__WHAT TO DO__
Give back every entry exactly; drop the pictures.

__EXTRACTED INFORMATION__
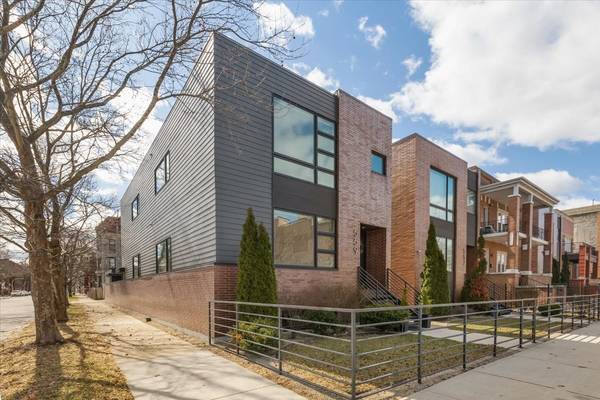559 E 50th ST, Chicago, IL 60615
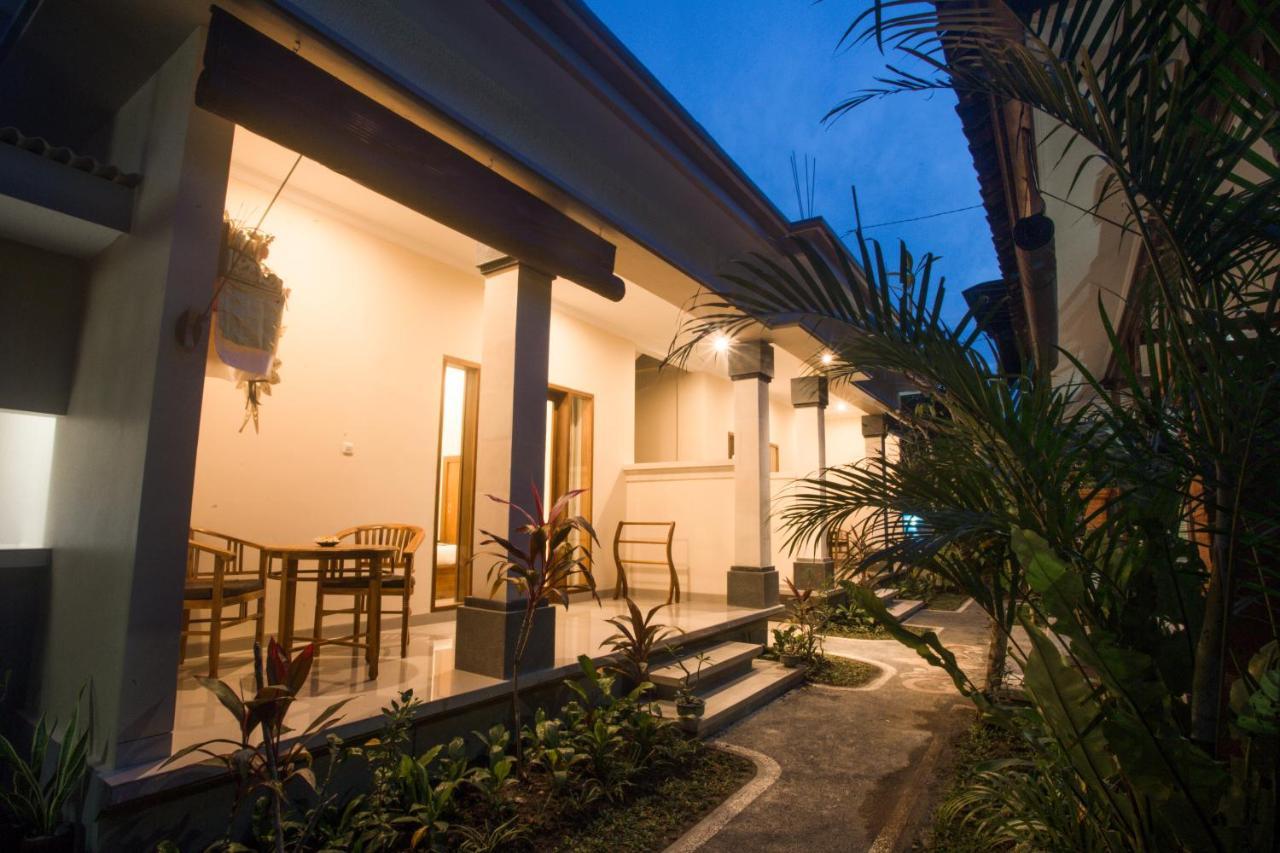 Monka House Hotel Ubud Exterior foto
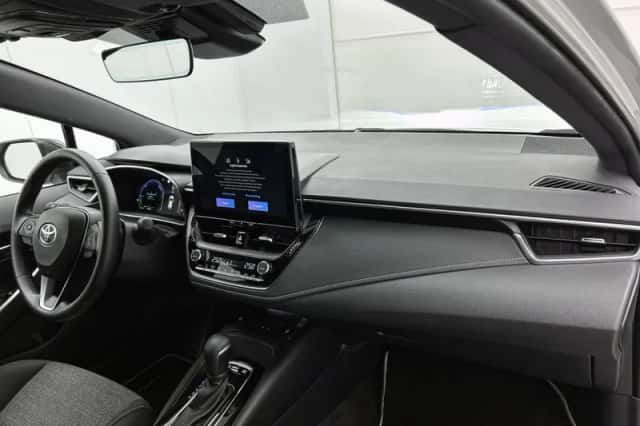Toyota Corolla_Touring_Sports (2025) thumbnail 6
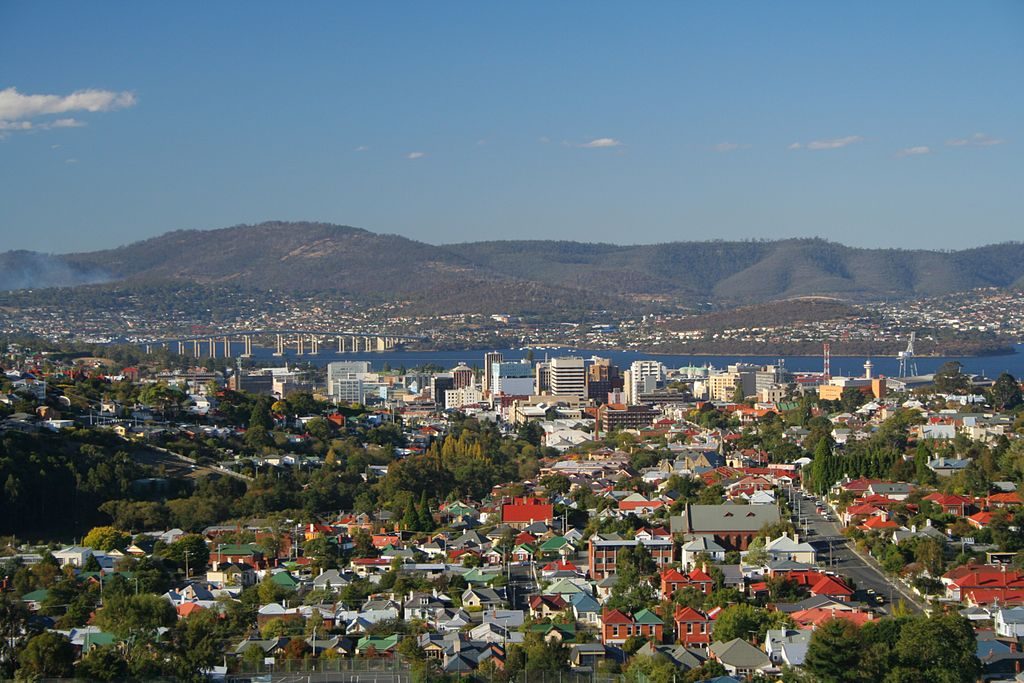 What are some romantic things for couples to do in Hobart?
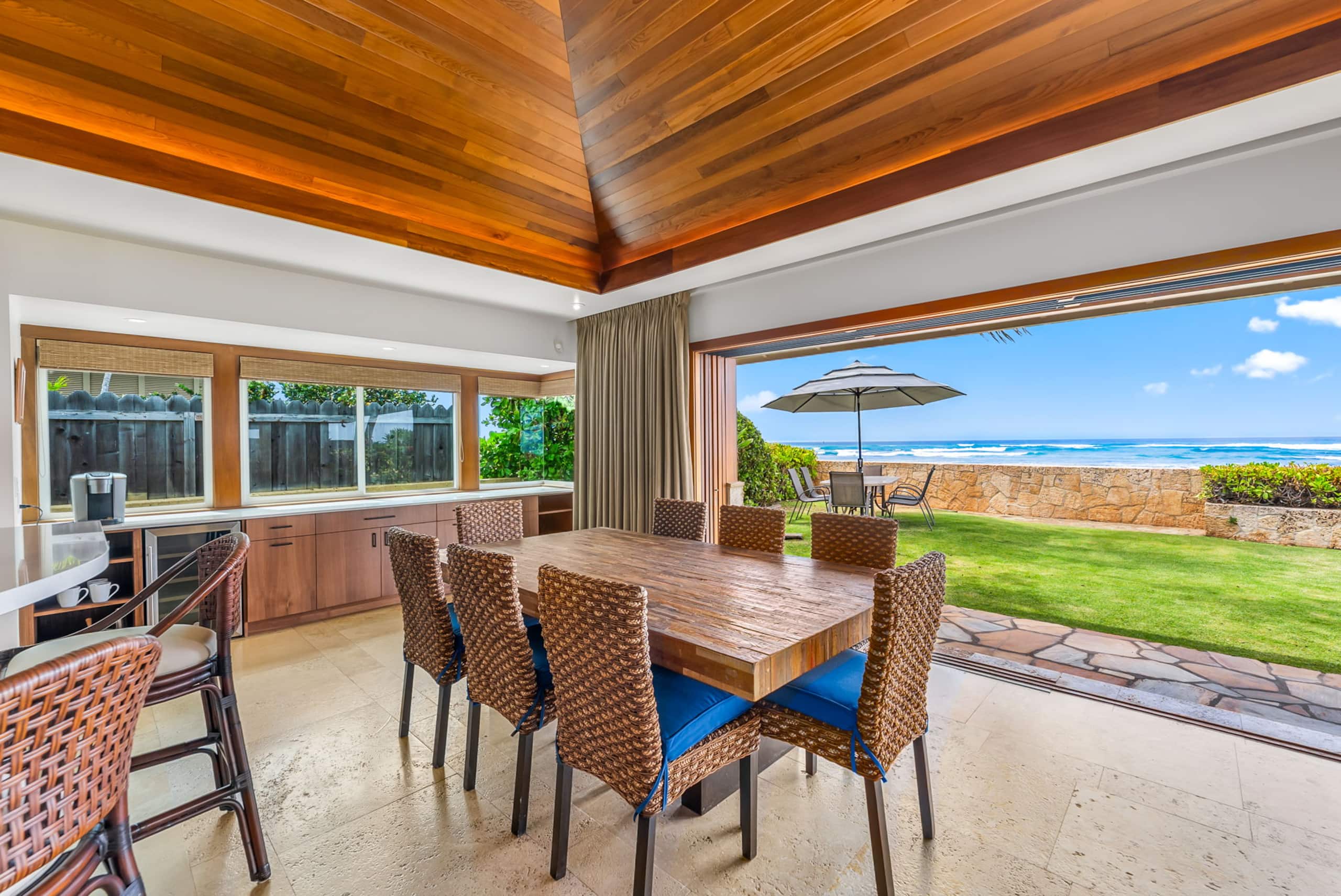 Home in Honolulu · ★4.89 · 3 bedrooms · 4 beds · 3.5 shared baths - Image 9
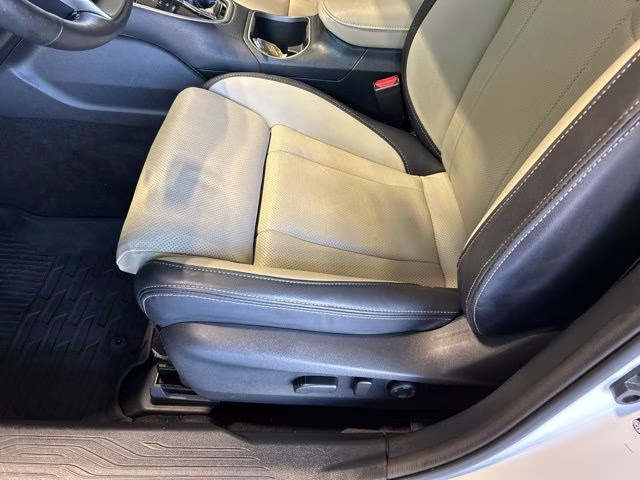 2024 Crystal White Pearl Subaru Outback Limited AWD SUV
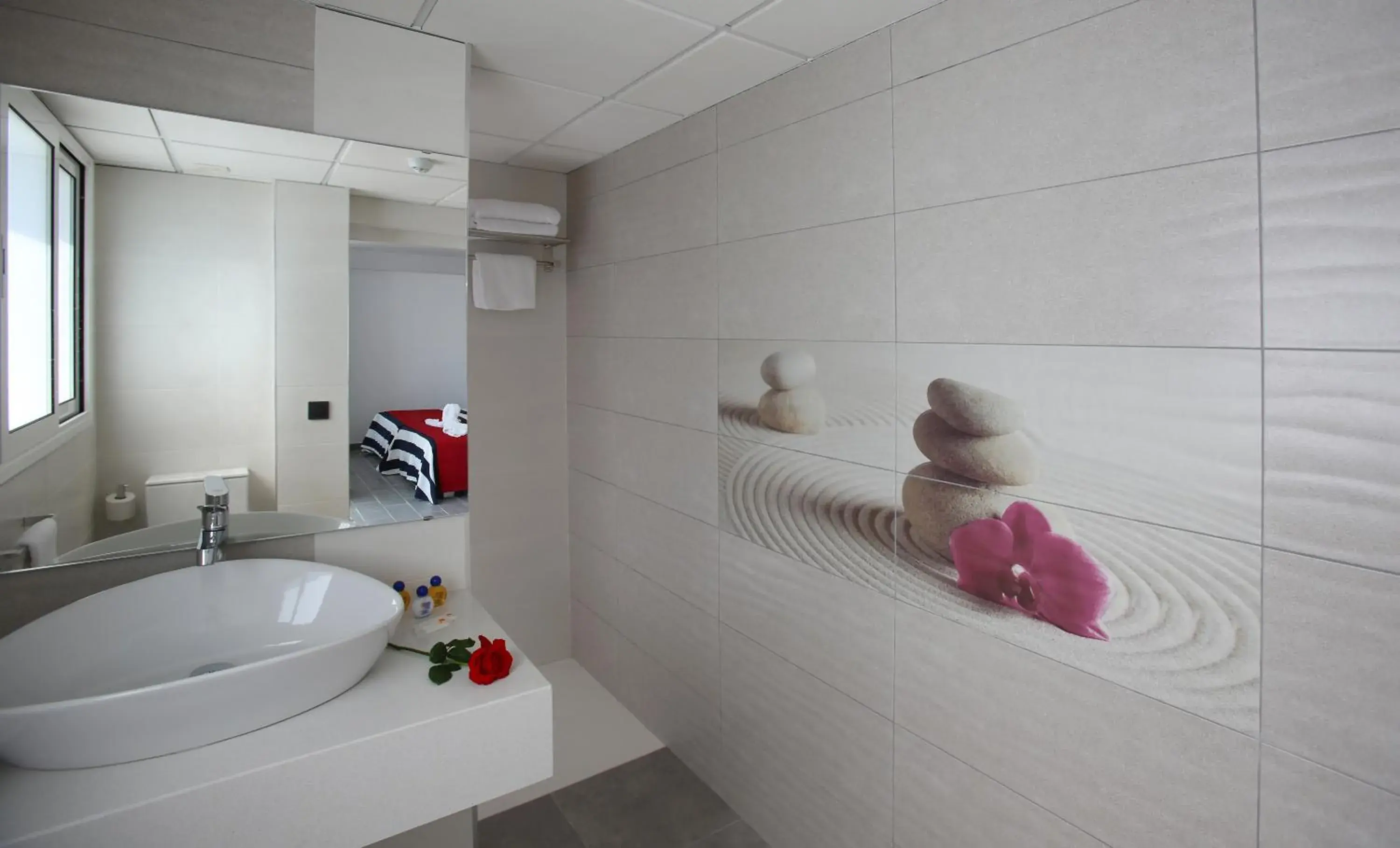 Bathroom in Hotel Europa Splash & Spa Bathroom in Hotel Europa Splash & Spa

__RESPONSE__
559 E 50th ST, Chicago, IL 60615
 Monka House Hotel Ubud Exterior foto
Toyota Corolla_Touring_Sports (2025) thumbnail 6
 What are some romantic things for couples to do in Hobart?
 Home in Honolulu · ★4.89 · 3 bedrooms · 4 beds · 3.5 shared baths - Image 9
 2024 Crystal White Pearl Subaru Outback Limited AWD SUV
 Bathroom in Hotel Europa Splash & Spa Bathroom in Hotel Europa Splash & Spa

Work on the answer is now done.